= Diego Hurtado de Mendoza, 3rd Duke of the Infantado =

Spanish noble

Coat of arms of the House of Mendoza.

Diego Hurtado de Mendoza y Luna, 3rd Duke of the Infantado, nicknamed El Grande, (Arenas de San Pedro, Spain, 11 March 1461 – Guadalajara, Castile-La Mancha, Spain, 30 August 1531) was a Spanish noble.

He was born in one of the richest and most influential families of Castile.

He was the son of Íñigo López de Mendoza y Luna, 2nd Duke of the Infantado (* Guadalajara, Castile-La Mancha, 1438 - Guadalajara, Castile-La Mancha, 1500) and the grandson of Diego Hurtado de Mendoza, 1st Duke of the Infantado, (* Guadalajara, Castile-La Mancha, 1415 - Manzanares el Real, 1479). He became 3rd duke in 1500.

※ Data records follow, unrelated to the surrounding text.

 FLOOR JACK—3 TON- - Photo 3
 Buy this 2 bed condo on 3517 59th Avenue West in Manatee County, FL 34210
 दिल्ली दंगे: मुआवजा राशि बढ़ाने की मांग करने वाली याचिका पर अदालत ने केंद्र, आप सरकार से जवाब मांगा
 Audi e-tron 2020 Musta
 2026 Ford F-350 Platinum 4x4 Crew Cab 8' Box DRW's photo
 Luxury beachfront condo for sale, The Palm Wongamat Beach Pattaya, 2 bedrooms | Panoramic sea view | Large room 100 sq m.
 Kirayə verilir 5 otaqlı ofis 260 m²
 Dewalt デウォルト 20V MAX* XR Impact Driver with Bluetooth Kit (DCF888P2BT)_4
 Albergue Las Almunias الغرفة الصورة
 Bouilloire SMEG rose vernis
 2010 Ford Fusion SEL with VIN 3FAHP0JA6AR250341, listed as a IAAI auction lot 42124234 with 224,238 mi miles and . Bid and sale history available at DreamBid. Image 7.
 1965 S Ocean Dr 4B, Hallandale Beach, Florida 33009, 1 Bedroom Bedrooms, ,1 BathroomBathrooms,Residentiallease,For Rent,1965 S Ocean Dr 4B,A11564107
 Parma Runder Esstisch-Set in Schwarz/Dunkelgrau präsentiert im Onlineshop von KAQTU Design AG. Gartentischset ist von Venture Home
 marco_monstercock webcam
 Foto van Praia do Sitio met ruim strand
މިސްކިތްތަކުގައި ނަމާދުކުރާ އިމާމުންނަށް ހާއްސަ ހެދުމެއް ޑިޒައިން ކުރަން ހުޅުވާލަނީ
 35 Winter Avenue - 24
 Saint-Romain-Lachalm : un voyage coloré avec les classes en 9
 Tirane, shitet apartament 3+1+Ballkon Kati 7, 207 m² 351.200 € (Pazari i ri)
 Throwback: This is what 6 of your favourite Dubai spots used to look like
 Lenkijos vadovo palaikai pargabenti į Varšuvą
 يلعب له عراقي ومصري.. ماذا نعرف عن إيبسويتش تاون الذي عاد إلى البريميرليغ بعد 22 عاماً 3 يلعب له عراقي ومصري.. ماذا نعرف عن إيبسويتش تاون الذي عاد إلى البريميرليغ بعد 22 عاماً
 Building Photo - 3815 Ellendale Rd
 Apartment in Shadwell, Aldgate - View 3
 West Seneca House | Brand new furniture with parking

He married, first, circa 1491, Maria Pimentel y Pacheco (deceased 1499), daughter of Rodrigo Afonso Pimentel, 4th count and 1st duke of Benavente.

They had 4 children :

- Íñigo López de Mendoza, 4th Duke of the Infantado, (1493–1566).
- Rodrigo de Mendoza, 1st marquis of Montes-Claros.
- Ana, married Luis de la Cerda, 1st marquis of Cogolludo.
- Marina, married Diego Arias.

He remarried in 1530 with Maria Maldonado, no issue.

He participated in the conquest of Granada, distinguishing himself in the conquest of Loja.

He was a strong political opponent of Cardinal Cisneros and defended the rights of the nobles.

In 1519, he became a Knight of the Order of the Golden Fleece on proposal of King Charles I of Spain, a.k.a. Charles V, Holy Roman Emperor.

During the Revolt of the Comuneros in 1520 and 1521, the duke of Infantado played a cautious waiting game to see which side would win.
In 1521 he chose to support King Charles I, mostly because of his hate towards Bishop Acuña.

King Francis I of France stayed in his palace, after the King had been taken prisoner in the Battle of Pavia in 1525.

In his old age, the Duke suffered from gout and led a pious life.

The Catalan composer Mateo Flecha was in his service from 1525 until his death.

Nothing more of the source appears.